→ **Data to examine**
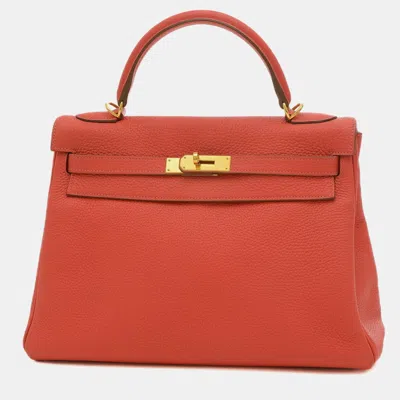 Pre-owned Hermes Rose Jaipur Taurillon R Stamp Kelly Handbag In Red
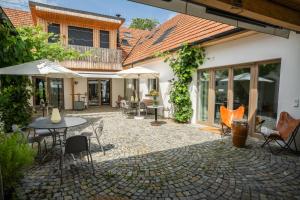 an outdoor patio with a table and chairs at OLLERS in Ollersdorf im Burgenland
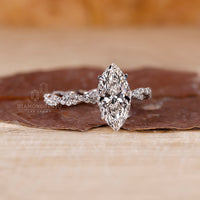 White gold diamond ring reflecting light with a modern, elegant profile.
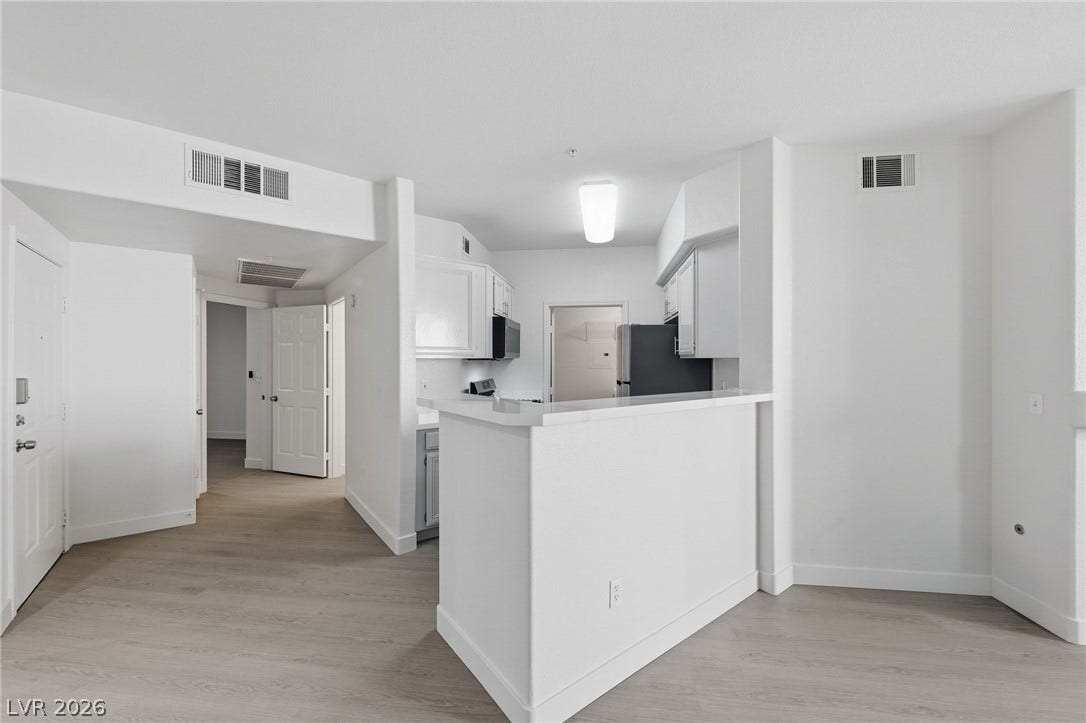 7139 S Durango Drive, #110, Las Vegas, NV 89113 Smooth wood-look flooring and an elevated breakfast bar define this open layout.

...

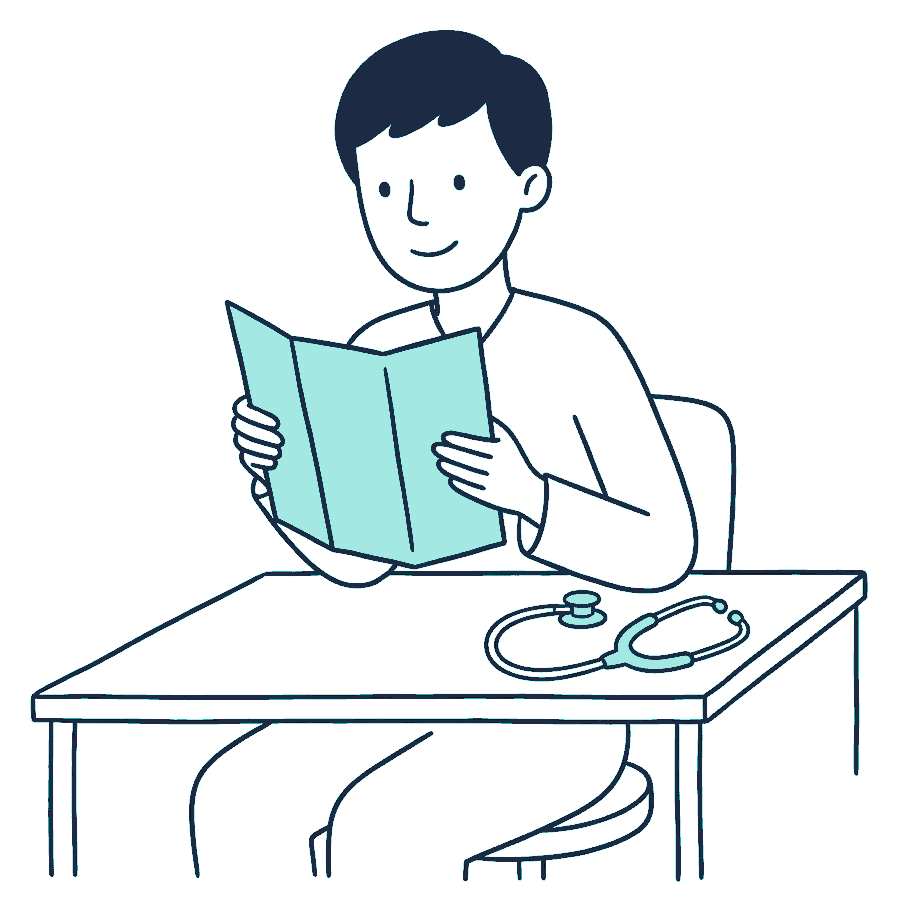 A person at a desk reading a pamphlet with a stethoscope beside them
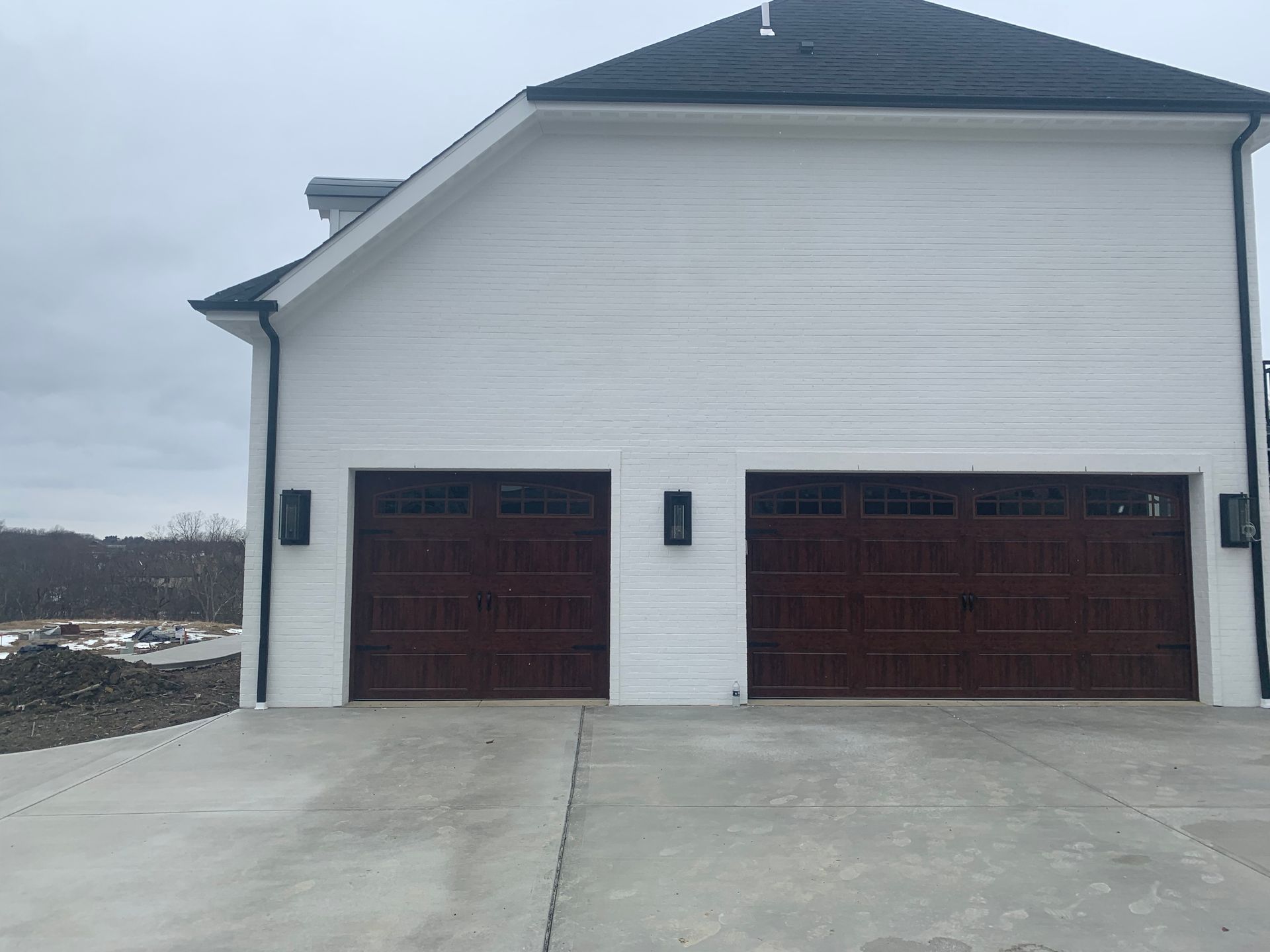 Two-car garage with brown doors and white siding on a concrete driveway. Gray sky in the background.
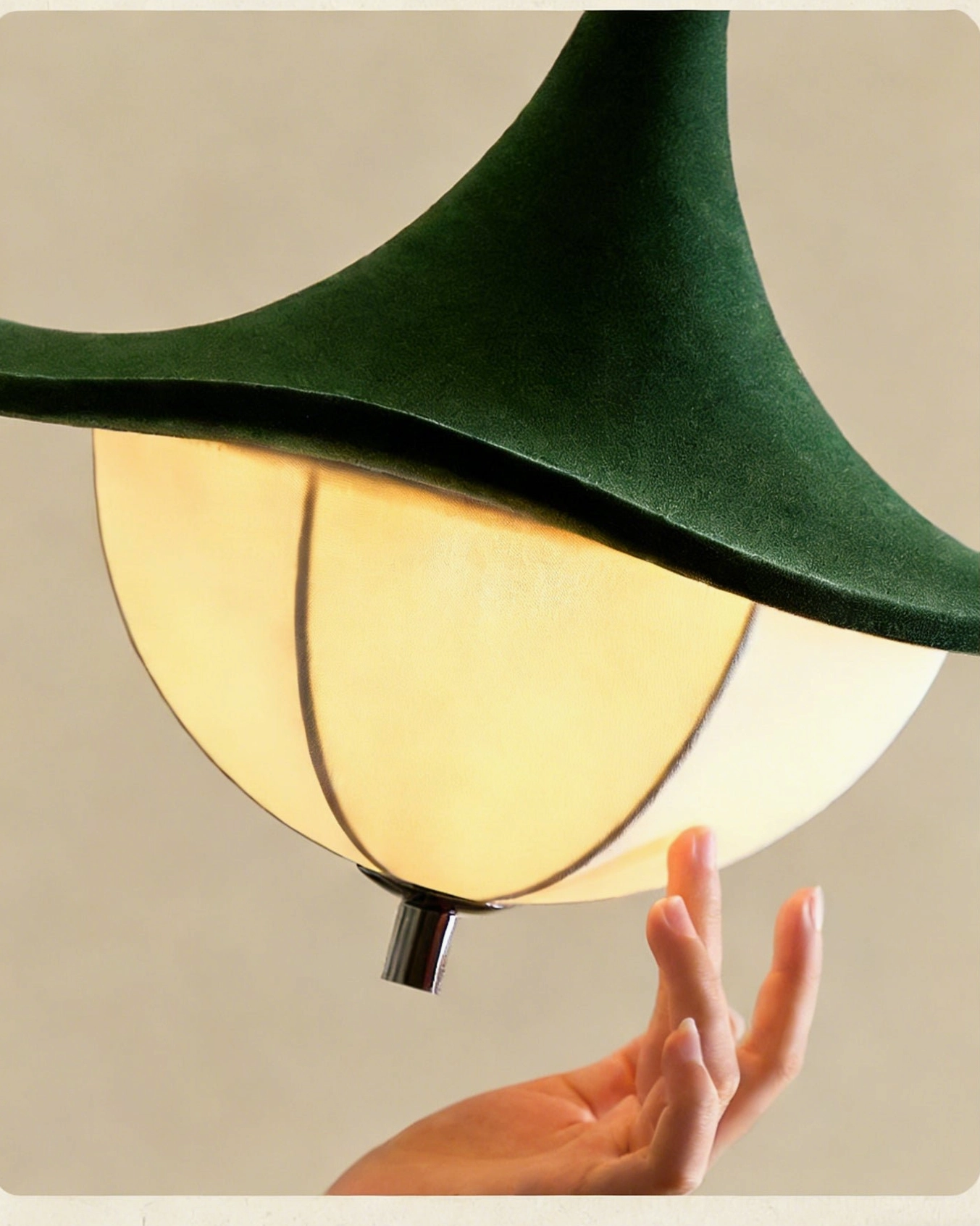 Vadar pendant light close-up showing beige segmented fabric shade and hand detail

==

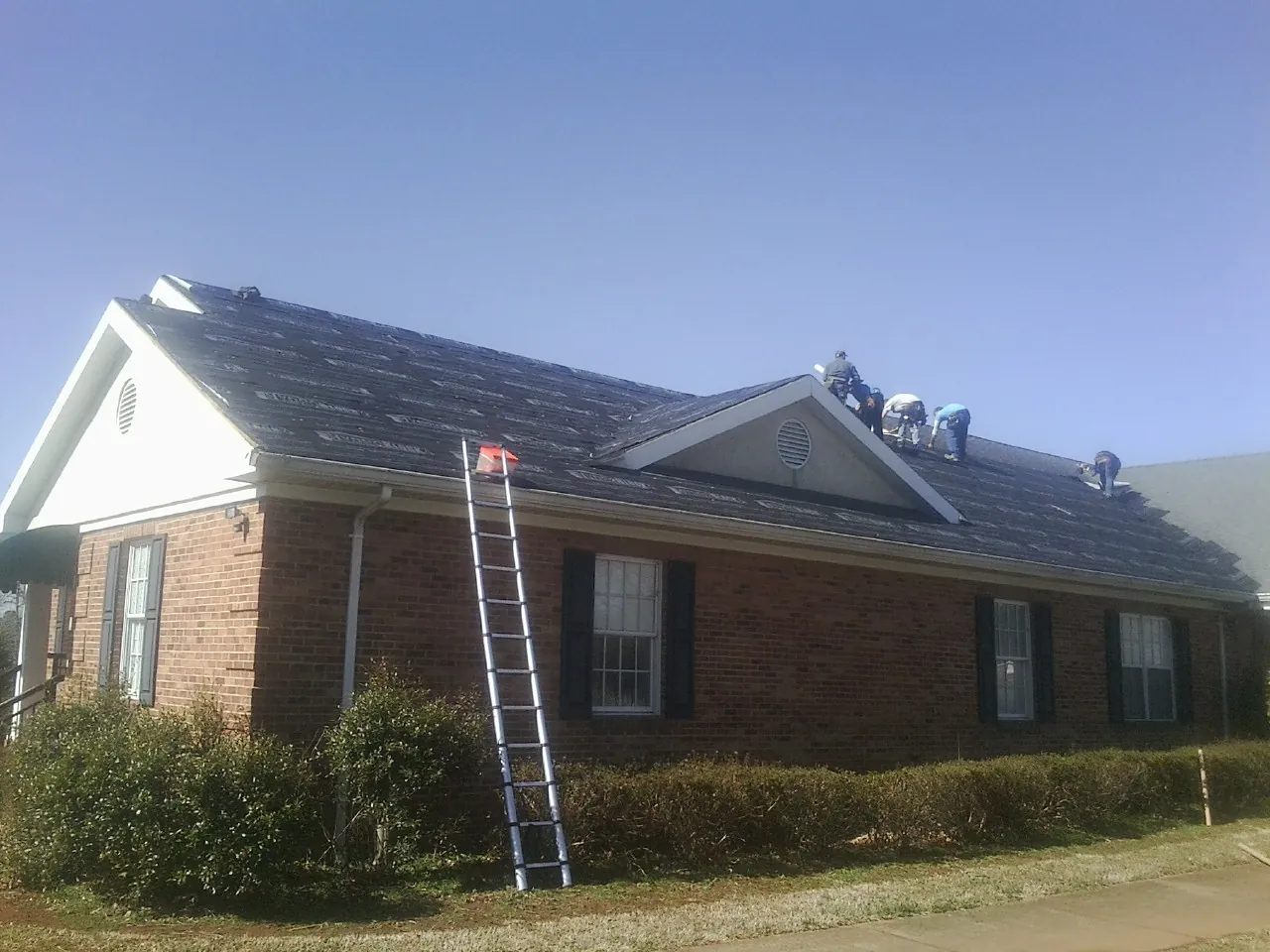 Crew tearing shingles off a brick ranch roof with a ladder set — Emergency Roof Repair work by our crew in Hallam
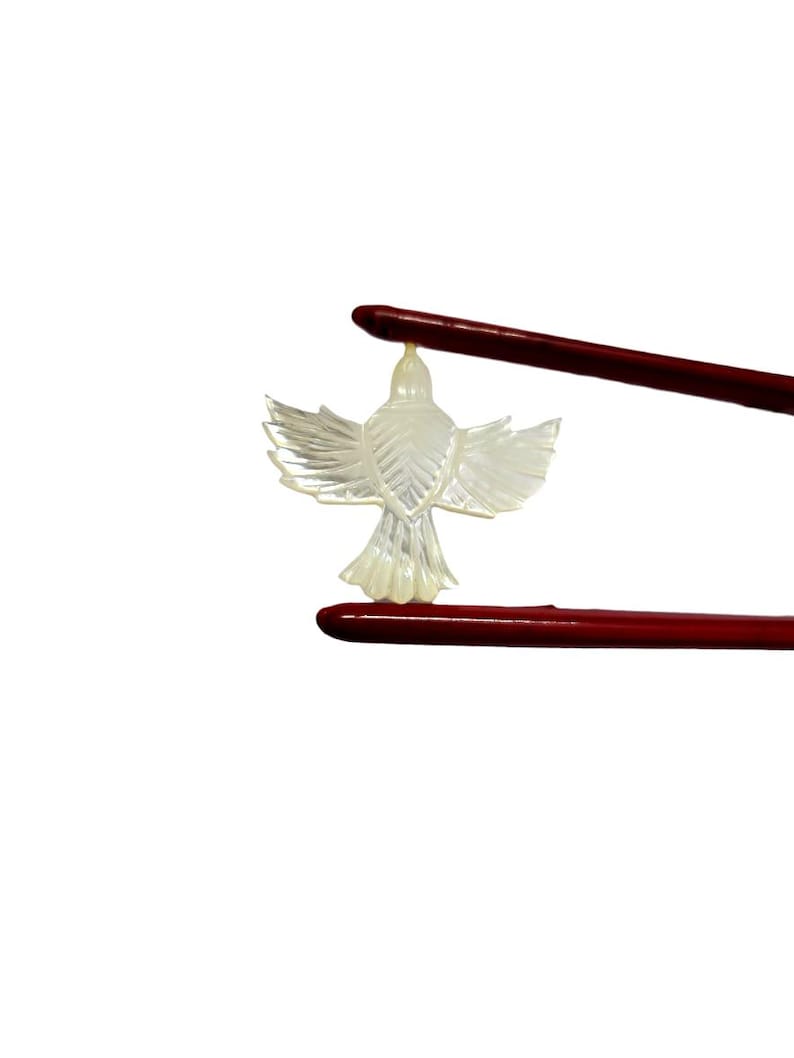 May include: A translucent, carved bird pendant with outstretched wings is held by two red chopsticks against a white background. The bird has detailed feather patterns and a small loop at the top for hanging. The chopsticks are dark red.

→ **What the task asks**
All that should appear in the answer is the lines above from the line with "A person at" through the line with "Vadar pendant light", retyped exactly, pictures left out.

→ **Answer below**
 A person at a desk reading a pamphlet with a stethoscope beside them
 Two-car garage with brown doors and white siding on a concrete driveway. Gray sky in the background.
 Vadar pendant light close-up showing beige segmented fabric shade and hand detail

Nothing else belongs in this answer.